Coleman, Gatlin To Be Honored By Tennessee Sports Hall of Fame
April 11, 2017


NASHVILLE, Tenn. – The Tennessee Sports Hall of Fame announced Christian Coleman and #VFL Justin Gatlin as honorees at their 51st Induction Banquet.

Coleman was named the 2017 Amateur Male Athlete of the Year for the second straight year. Gatlin attended Tennessee from 2000-02 and was honored as the 2017 Professional Male Athlete of the Year. The two Tennessee sprinters will be honored on Saturday, June 3rd at the Omni Hotel in Nashville.

The ceremony will be in conjunction with the 2017 Tennessee Sports Hall of Fame Class. The 10-person class was announced in November and includes five former Tennessee football players: Chad Clifton, Al Wilson, Haskel Stanback, Graham Vowell and Willie Gault. Gault also was an 11-time All-American for the Tennessee track team as he competed in the short sprints and hurdles.

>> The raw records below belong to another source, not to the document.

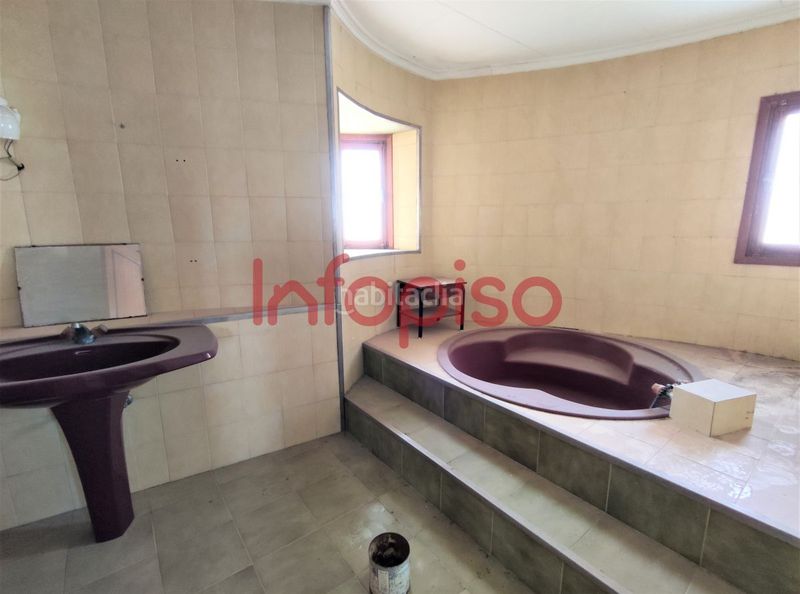 Foto 46881918-7ab3-469b-8709-7803ec7b8789. Local comercial a Valdepeñas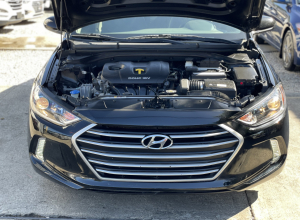 Hyundai Elantra SE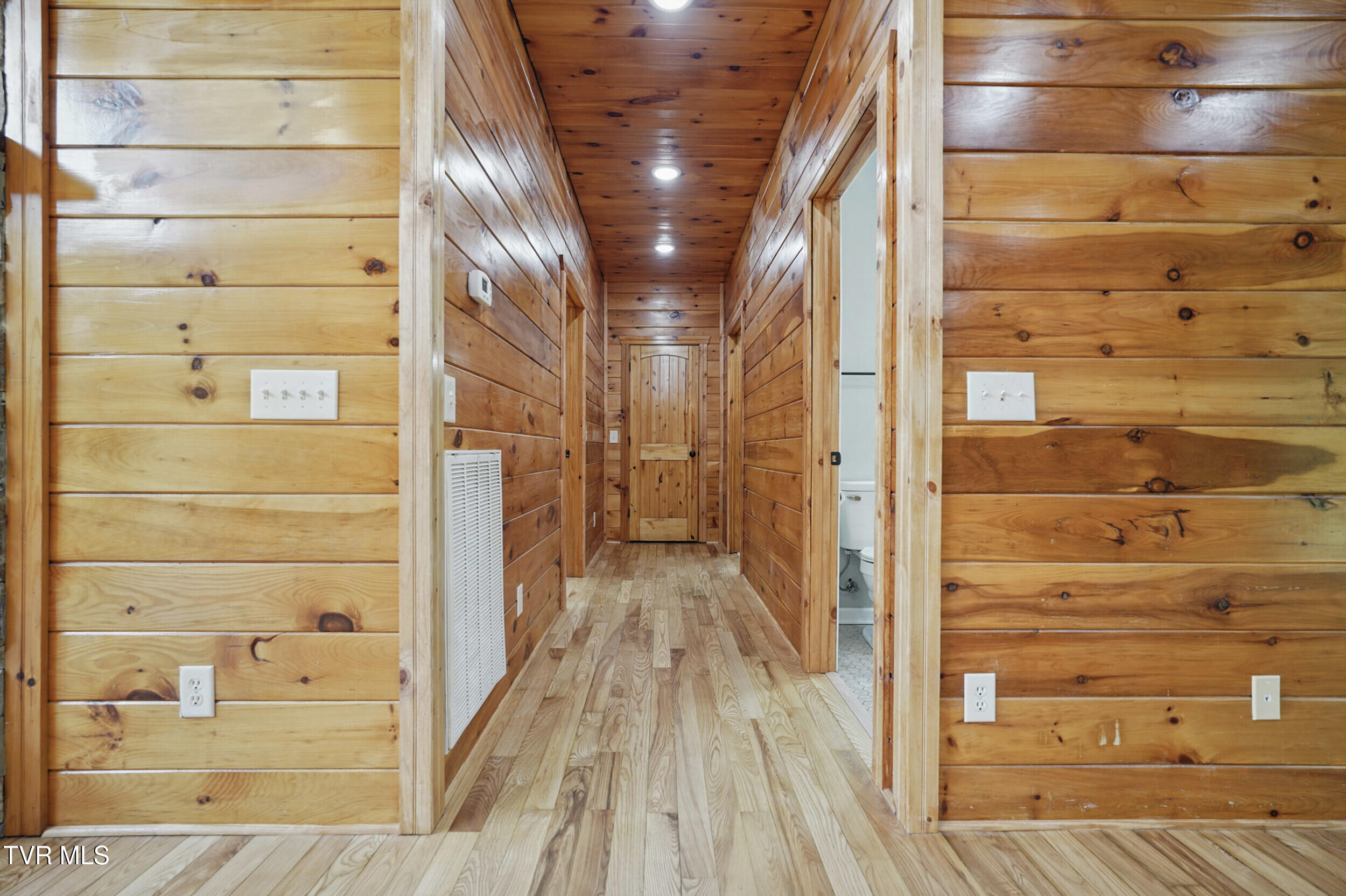 560 Sigman Hollow Road, Bluff City, Tennessee image 13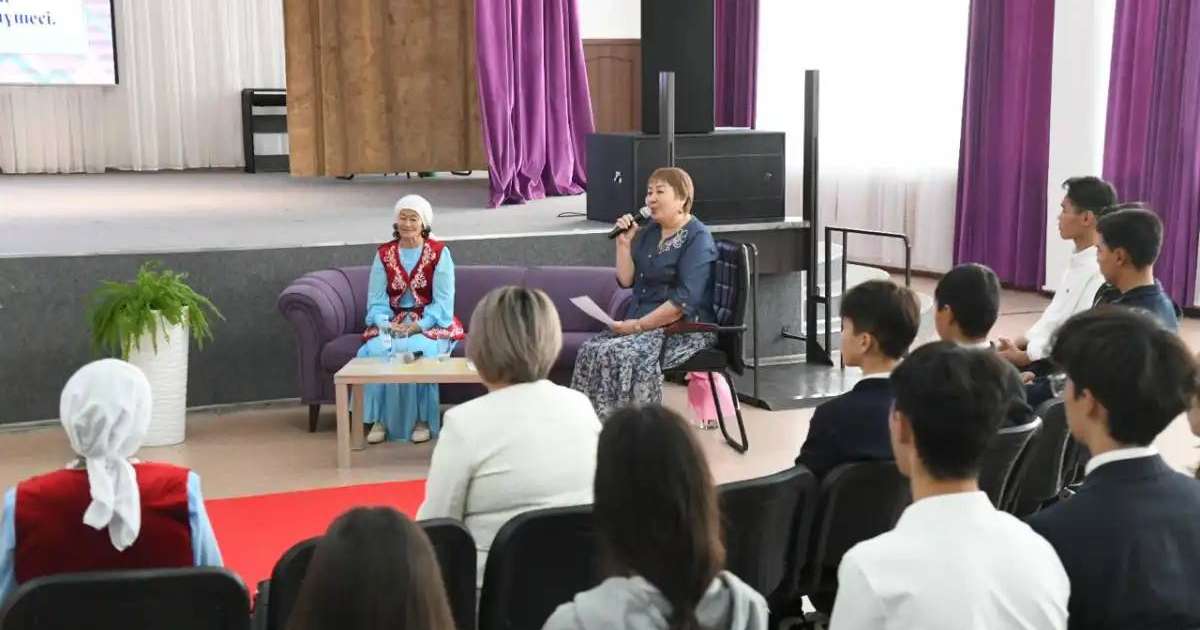 Астанада Абай Құнанбайұлының ұрпағы оқушылармен кездесті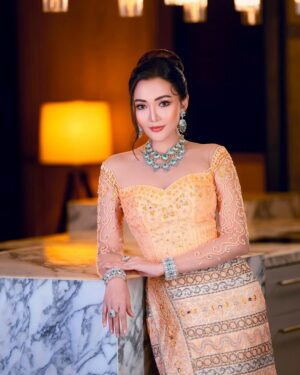 Wint Yamone Naing Instagram - အမျိုးသမီးတစ်ယောက်ရဲ့အလှဆုံးအချိန်ကဘယ်ချိန်လဲ 🧡
Zwal and Sai Fashion Collection Mandalay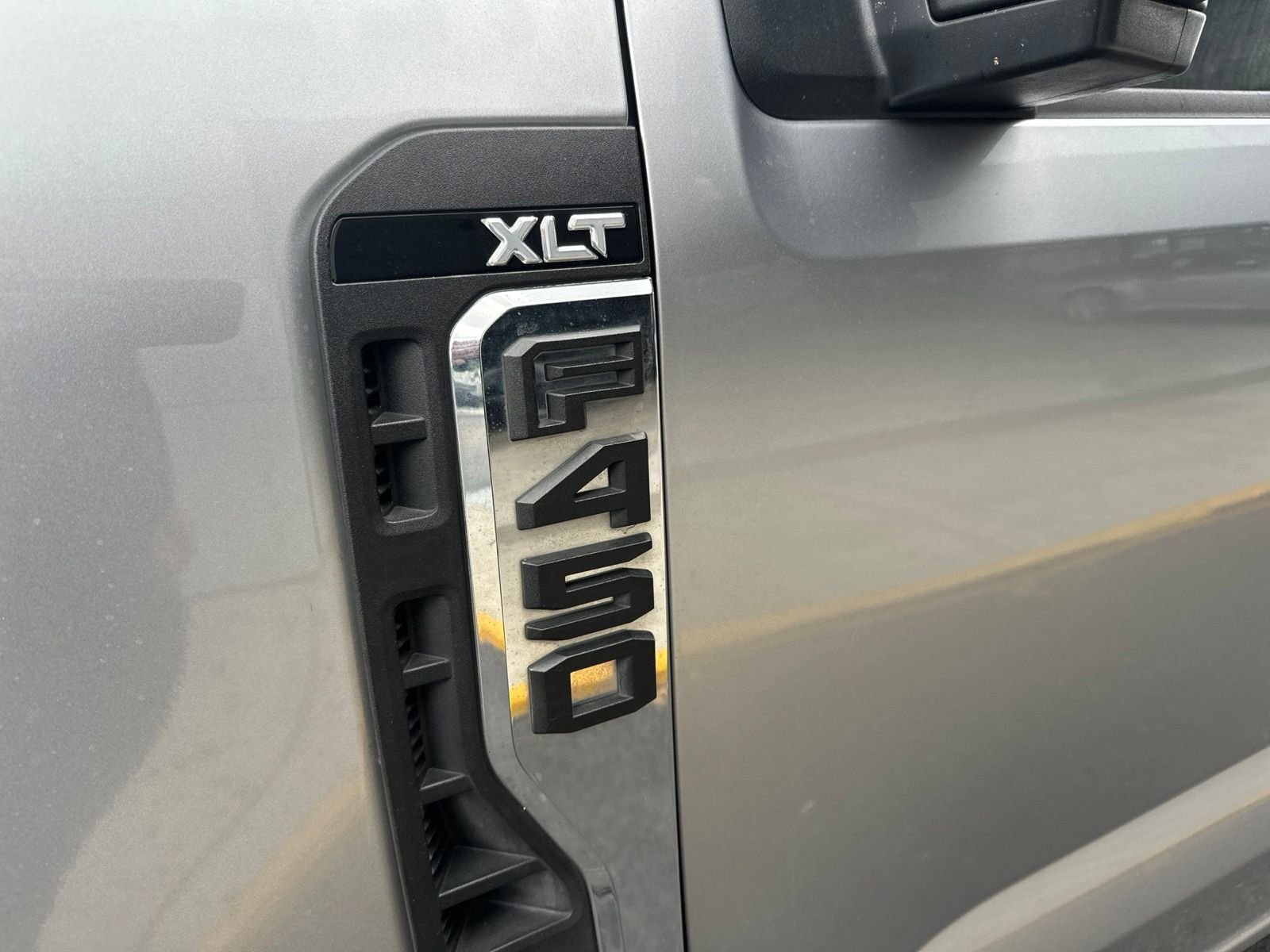 Used 2024 Silver Metallic Ford XLT image 11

Coleman earned the award after winning two NCAA Indoor National Championships and being named the USTFCCCA National Indoor Track Athlete of the Year. Coleman won both the 60m and 200m national titles in record-setting fashion as he joined Justin Gatlin (2002) and Kim Collins (2001) as the only athletes to win the double in the last 30 years. He joined the elite company by becoming the only person to rank in the all-time collegiate top 10 in both the 60m and 200m races, ranking second in the 200m and tied for first in the 60m.

Coleman won the NCAA Championship in the 60m dash by tying a collegiate record with a time of 6.45 seconds. The junior sprinter had a .09 second margin of victory, the largest margin of victory in NCAA Championship history. He also set a NCAA Indoor National Championship meet record, facility record and school record while tying for the top mark posted in the world during the 2017 season. Coleman did not lose a 60m race all indoor season, posting marks under 6.56 seconds on seven occasions while the rest of the student-athletes in NCAA Division I have done it only three times. He won the 60m SEC Championship for the second consecutive season and posted three of the top five times in the world in the 60m this year.

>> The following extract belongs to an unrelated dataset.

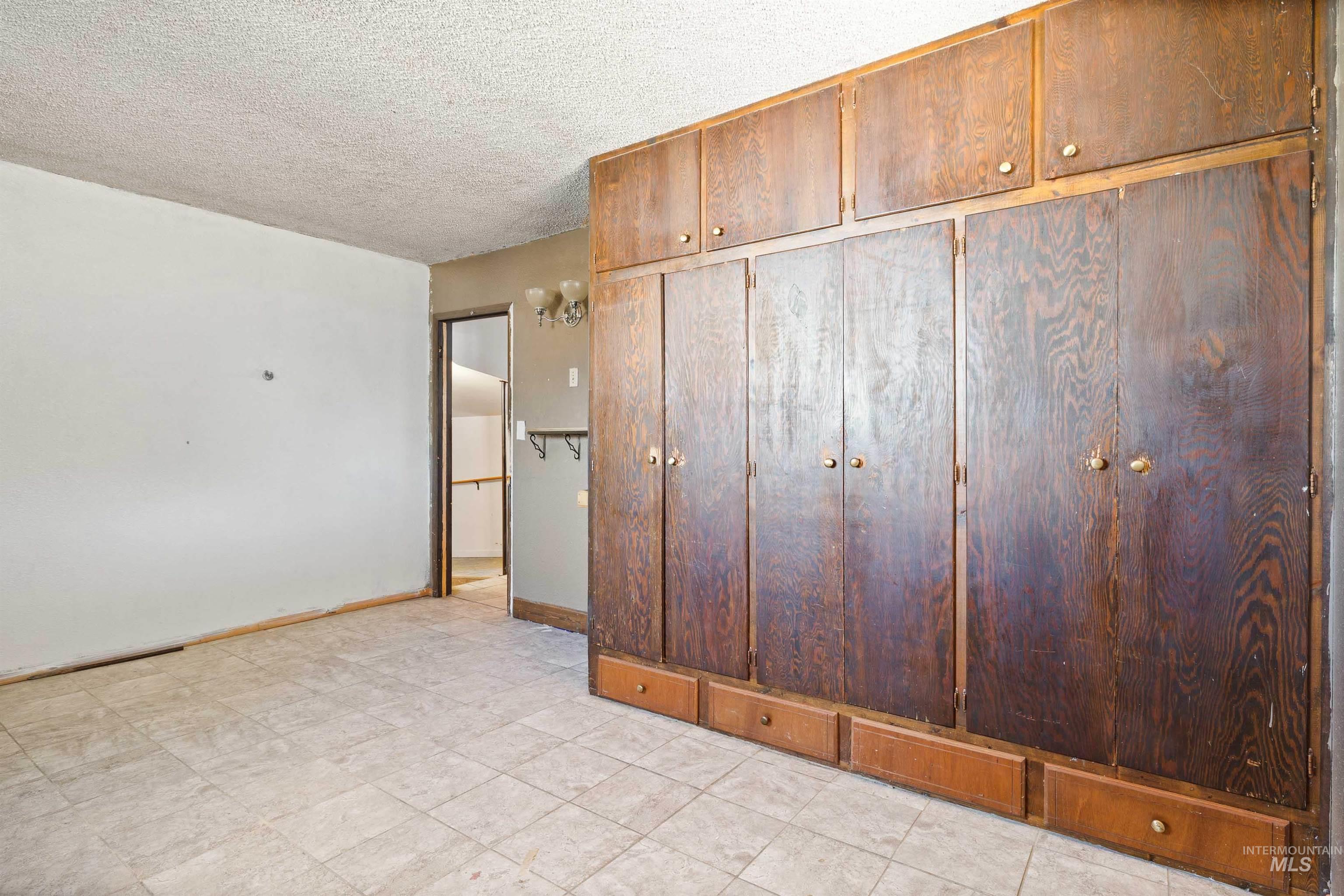 929 Sprague Avenue, Buhl, Idaho 83316, 3 Bedrooms, 2 Bathrooms, Residential For Sale, Price $199,900,MLS 98962438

In the 200m, Coleman recorded second-fastest collegiate time in history as he finished in 20.11. Coleman's mark is the fastest in the world this year and only trailed Wallace Spearmon's 2005 mark of 20.10. He won his heat by more than half a second as he won his second consecutive NCAA Indoor 200m championship. He is the eighth person to win two 200m national titles and the seventh to do it in back-to-back years. Coleman lost only one race in the 200m all season, and holds three of the top 10 times in the world this year.

Coleman also set the school record in the 100m last outdoor season with a mark of 9.95 at US Trials. The Atlanta, Georgia native finished second in both the 100m and 200m dashes at the NCAA Outdoor Championships. Coleman followed that up by running 100m times of 9.96, 9.95 and 10.06 at the US Olympic Trials and earned a spot on the USA team at the Olympics in Rio de Janeiro. Coleman competed in the prelims of the 4x100m competition as the USA qualified with the top time. The squad finished third in the finals, but was disqualified for a handoff outside the zone.

Former Tennessee sprinter Justin Gatlin won the silver medal in the 100m dash at the 2016 Rio de Janeiro Olympics as he finished in a time of 9.89 seconds. Gatlin now has won five Olympic medals. The former six-time NCAA Champion also competed in the 200m dash and the 4x100m relay in Rio. He ran the second leg for the relay squad in the final.

In order to qualify for the US Olympic team, Gatlin had one of the most remarkable performances, running 100m times of 9.80 and 9.83, the first and third-fastest times in the world during the 2016 calendar year. He also posted a mark of 19.75 in the 200m, the second-fastest 200m time in the world during 2016.

Gatlin posted seven 100m marks of 9.95 or faster in the 100m during the 2016 season, more than any other athlete. Usain Bolt only hit that threshold three times during 2016. He was the oldest U.S. sprinter to reach the Olympic Games since 1912. Gatlin, 34, also became the oldest sprinter to ever medal in Olympic history, breaking the age record that belonged to Linford Christie of Great Britain who was 32 when winning her last medal.

Coleman and Felicia Brown were both named Tennessee Sports Hall of Fame Amateur Athletes of the Year last season.